● Data excerpt:
BEGIN
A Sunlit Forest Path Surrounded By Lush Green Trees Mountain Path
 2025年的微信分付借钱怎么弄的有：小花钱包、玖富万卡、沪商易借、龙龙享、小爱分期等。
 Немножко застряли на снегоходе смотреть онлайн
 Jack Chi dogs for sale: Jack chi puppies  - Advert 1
END
● What this task involves: Reproduce the material above, keeping every line intact.

● Your response:
A Sunlit Forest Path Surrounded By Lush Green Trees Mountain Path
 2025年的微信分付借钱怎么弄的有：小花钱包、玖富万卡、沪商易借、龙龙享、小爱分期等。
 Немножко застряли на снегоходе смотреть онлайн
 Jack Chi dogs for sale: Jack chi puppies  - Advert 1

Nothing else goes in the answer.